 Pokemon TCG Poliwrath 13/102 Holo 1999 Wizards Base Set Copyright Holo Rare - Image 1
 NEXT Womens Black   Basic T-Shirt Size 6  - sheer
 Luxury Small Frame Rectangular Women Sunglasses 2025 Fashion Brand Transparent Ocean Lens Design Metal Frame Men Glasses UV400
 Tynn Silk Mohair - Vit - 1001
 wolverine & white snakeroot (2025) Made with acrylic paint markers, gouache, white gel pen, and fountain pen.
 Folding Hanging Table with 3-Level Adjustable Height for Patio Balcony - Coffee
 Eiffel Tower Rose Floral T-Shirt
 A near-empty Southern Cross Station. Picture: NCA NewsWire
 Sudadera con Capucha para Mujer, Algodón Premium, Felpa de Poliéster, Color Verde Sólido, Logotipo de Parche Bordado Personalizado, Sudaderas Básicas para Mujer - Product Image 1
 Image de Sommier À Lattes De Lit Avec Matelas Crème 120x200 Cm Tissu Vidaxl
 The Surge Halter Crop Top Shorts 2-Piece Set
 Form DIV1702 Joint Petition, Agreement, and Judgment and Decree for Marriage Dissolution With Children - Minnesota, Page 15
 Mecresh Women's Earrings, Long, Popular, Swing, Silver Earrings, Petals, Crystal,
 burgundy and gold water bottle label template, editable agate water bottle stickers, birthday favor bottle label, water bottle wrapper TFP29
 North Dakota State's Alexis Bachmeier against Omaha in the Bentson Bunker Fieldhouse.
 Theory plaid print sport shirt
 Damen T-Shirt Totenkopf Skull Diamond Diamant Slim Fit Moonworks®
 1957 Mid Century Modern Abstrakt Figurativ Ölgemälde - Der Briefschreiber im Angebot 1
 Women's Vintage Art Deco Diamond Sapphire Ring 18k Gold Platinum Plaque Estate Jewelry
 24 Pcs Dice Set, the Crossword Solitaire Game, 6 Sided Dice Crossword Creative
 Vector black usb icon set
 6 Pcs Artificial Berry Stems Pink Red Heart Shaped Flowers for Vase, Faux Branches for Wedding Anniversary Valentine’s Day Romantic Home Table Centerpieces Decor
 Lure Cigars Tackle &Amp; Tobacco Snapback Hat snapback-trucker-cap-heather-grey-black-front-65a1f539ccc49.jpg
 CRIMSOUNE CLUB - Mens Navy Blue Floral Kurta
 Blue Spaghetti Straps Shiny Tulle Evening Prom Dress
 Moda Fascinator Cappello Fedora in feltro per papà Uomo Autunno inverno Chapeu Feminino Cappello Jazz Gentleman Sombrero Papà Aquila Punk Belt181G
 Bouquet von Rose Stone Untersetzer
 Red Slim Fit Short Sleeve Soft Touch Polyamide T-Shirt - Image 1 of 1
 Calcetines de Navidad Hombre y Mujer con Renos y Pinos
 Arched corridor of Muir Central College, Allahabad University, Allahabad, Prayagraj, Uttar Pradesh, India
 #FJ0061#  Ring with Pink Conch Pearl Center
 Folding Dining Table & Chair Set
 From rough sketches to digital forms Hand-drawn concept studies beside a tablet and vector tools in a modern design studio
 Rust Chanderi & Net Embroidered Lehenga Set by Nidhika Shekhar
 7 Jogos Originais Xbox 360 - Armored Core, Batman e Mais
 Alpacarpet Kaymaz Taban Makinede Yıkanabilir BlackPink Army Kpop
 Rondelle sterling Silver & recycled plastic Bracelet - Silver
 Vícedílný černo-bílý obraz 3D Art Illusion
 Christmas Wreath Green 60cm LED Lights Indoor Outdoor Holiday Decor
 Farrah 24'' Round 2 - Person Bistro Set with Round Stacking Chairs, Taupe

-------

■ **TASK BRIEF**:
Give back the opening line of the records above and every line after it, up to and including the one with "Mecresh Women's Earrings, Long, Popular, Swing, Silver", unchanged.

■ **FINISHED EXERCISE**:
 Pokemon TCG Poliwrath 13/102 Holo 1999 Wizards Base Set Copyright Holo Rare - Image 1
 NEXT Womens Black   Basic T-Shirt Size 6  - sheer
 Luxury Small Frame Rectangular Women Sunglasses 2025 Fashion Brand Transparent Ocean Lens Design Metal Frame Men Glasses UV400
 Tynn Silk Mohair - Vit - 1001
 wolverine & white snakeroot (2025) Made with acrylic paint markers, gouache, white gel pen, and fountain pen.
 Folding Hanging Table with 3-Level Adjustable Height for Patio Balcony - Coffee
 Eiffel Tower Rose Floral T-Shirt
 A near-empty Southern Cross Station. Picture: NCA NewsWire
 Sudadera con Capucha para Mujer, Algodón Premium, Felpa de Poliéster, Color Verde Sólido, Logotipo de Parche Bordado Personalizado, Sudaderas Básicas para Mujer - Product Image 1
 Image de Sommier À Lattes De Lit Avec Matelas Crème 120x200 Cm Tissu Vidaxl
 The Surge Halter Crop Top Shorts 2-Piece Set
 Form DIV1702 Joint Petition, Agreement, and Judgment and Decree for Marriage Dissolution With Children - Minnesota, Page 15
 Mecresh Women's Earrings, Long, Popular, Swing, Silver Earrings, Petals, Crystal,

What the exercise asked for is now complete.